La obra icónica del siglo XX, el proyecto unificador que intentó dar un sentido de nación al Ecuador de antes del fútbol, significó una inversión millonaria y el esfuerzo de miles. Pero esta obra quedó paulatinamente reducida a tramos aislados y pintorescos que hoy nos recuerdan lo que fue. Quienes vieron su esplendor aún poseen en su mente las historias que hoy cimientan el mito. Una de esas historias cuenta que el obstinado presidente liberal Eloy Alfaro desafió a Supay -el diablo andino- y se plantó ante la montaña para decirle: “¡Pasaré por tu nariz!”.
Más allá de la parafernalia y el desencanto, la memoria colectiva está impregnada de los detalles que traía consigo el viejo elefante. Mi generación y las siguientes ya no lo vivirán tal como fue sino a retazos y con fotos turísticas de por medio.
Igual, me gusta imaginar cada partida del coloso como transportada en el tiempo, quedarme en el movimiento, la gente, la comida y las esperanzas o el niño que fui, corriendo torpe detrás de él antes de que se perdiera sobre el puente, dejando una estela de humo para pintar los horizontes.
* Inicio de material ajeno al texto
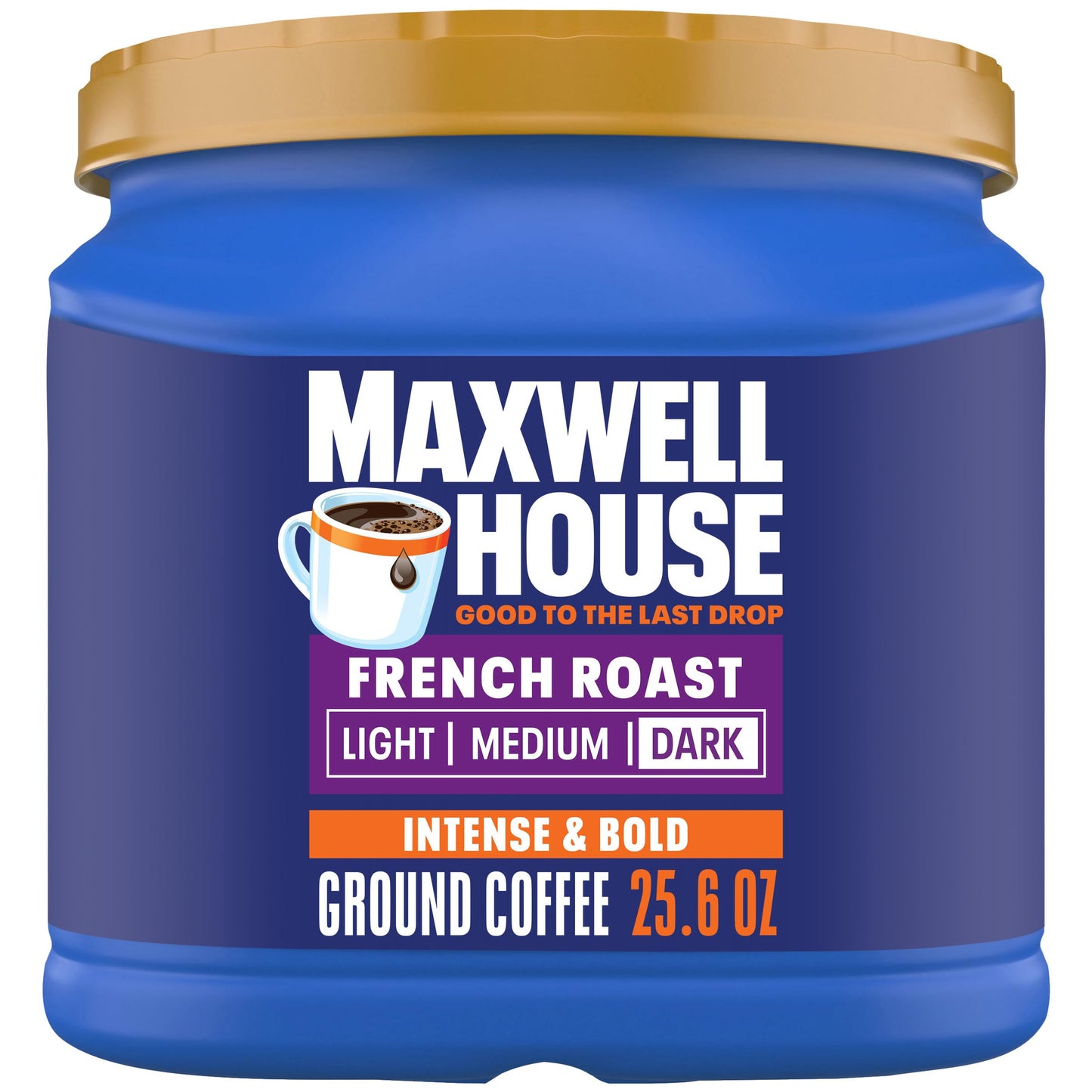 Maxwell House Breakfast Blend Mild Roast Ground Coffee, 38.8 oz Canister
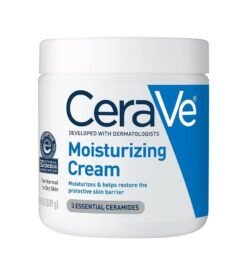 CeraVe Moisturizing Cream | Body and Face Moisturizer for Dry Skin | Body Cream with Hyaluronic Acid and Ceramides | Normal | Fragrance Free | 19 Oz | Packages May Vary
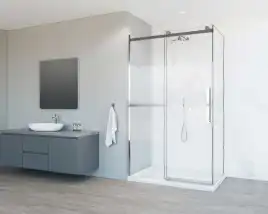 Душевой уголок Vincea Como Soft 110х80 VSR-1CS8011CL, дверь раздвижная, профиль хром, стекло прозрачное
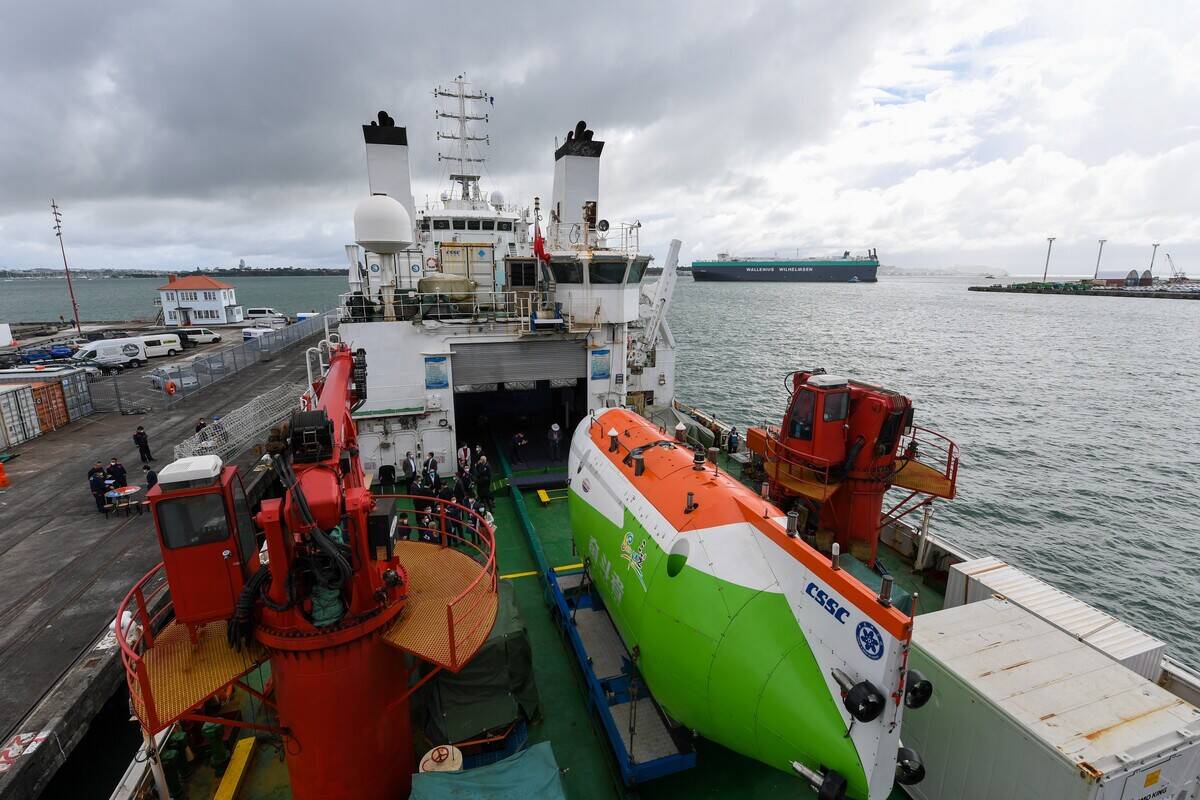 NEW ZEALAND-CHINA-SCIENTISTS-KERMADEC TRENCH-EXPEDITION
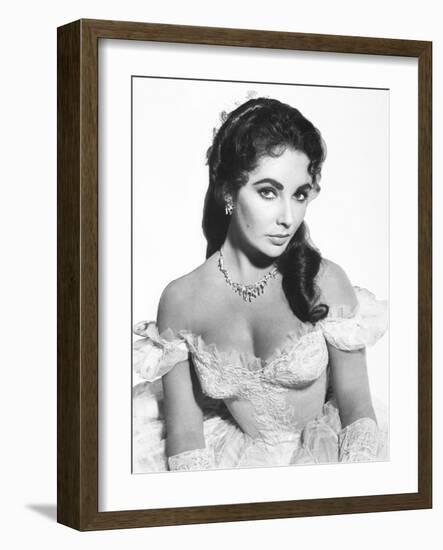 Elizabeth Taylor, Raintree County, 1957-null-Framed Photographic Print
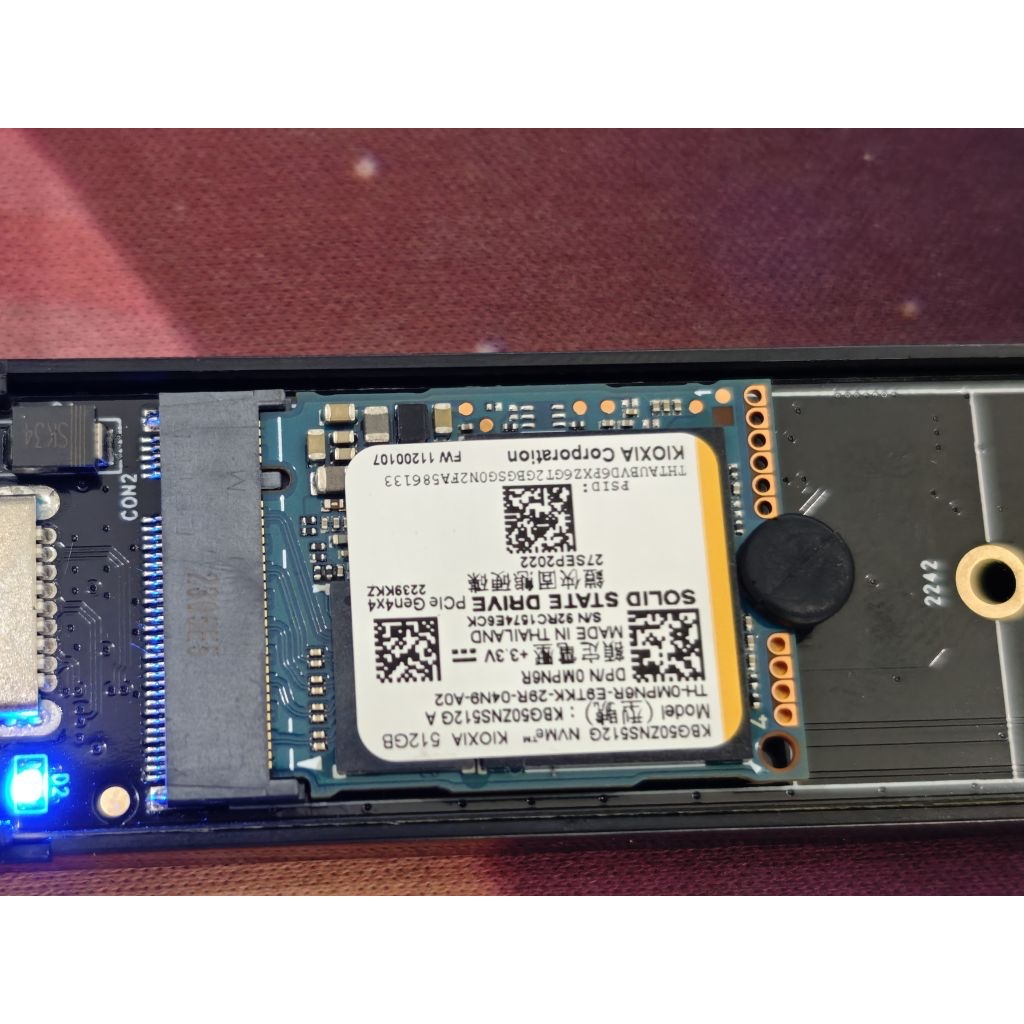 NVME 512GB KIOXIA SK 95%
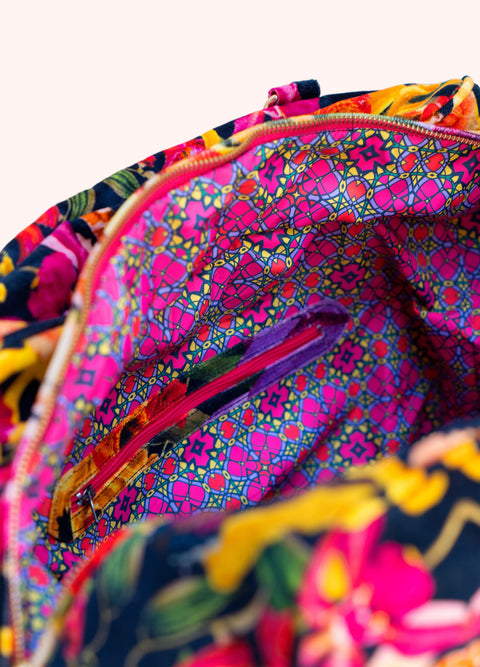 Powder LWB4 Botanical Kaleidoscope Lux Weekend Bag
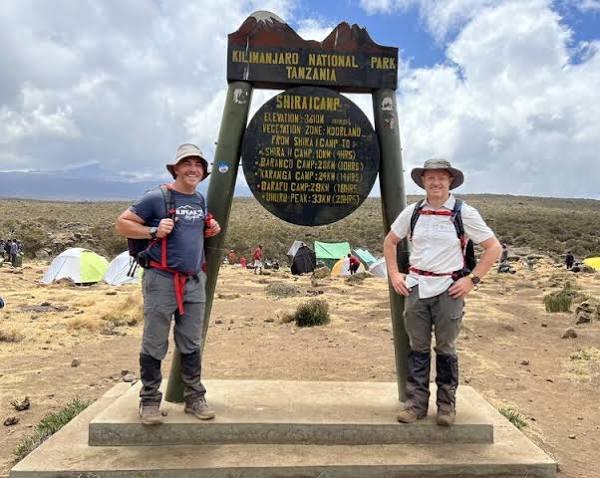 Deep mountain plateau under Kilimanjaro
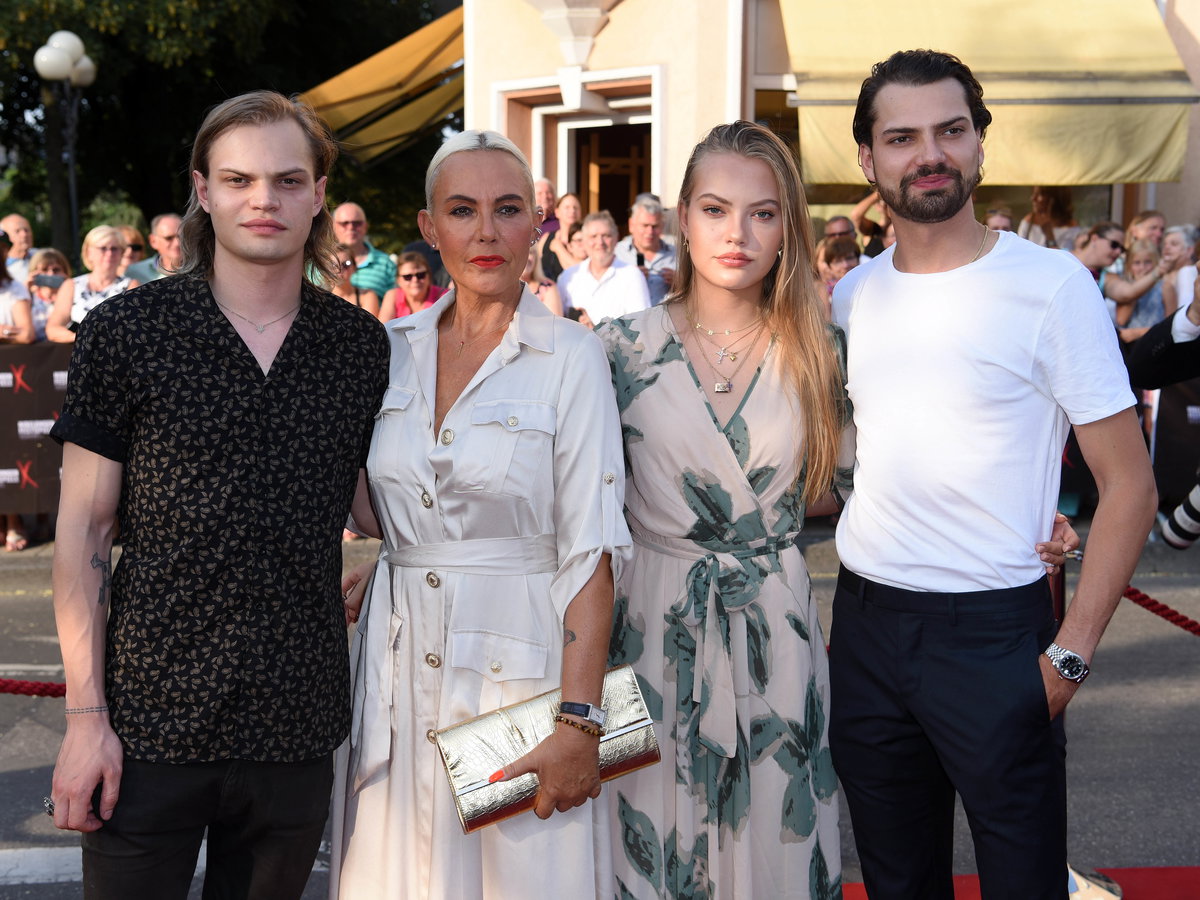 Natascha, Jimi Blue, Cheyenne und Wilson Gonzales Ochsenknecht bei Nibelungen Festival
En el último vagón hay reflejos en un charco de memoria. El tren se sobrevive.
Muy lindo!! quienes tuvimos la suerte de vivir en Alausí sabemos de lo que se trata, los lugares, los recuerdos, los sonidos, los afectos, todo se queda impregnado en el alma por siempre y acompañados de sensibilidad emergen así , como se logran en este artículo. Felicitaciones!
Me senti transportada en el tiempo, saboreando labdulzura de tiempos idos gracias por abrigarme el alma.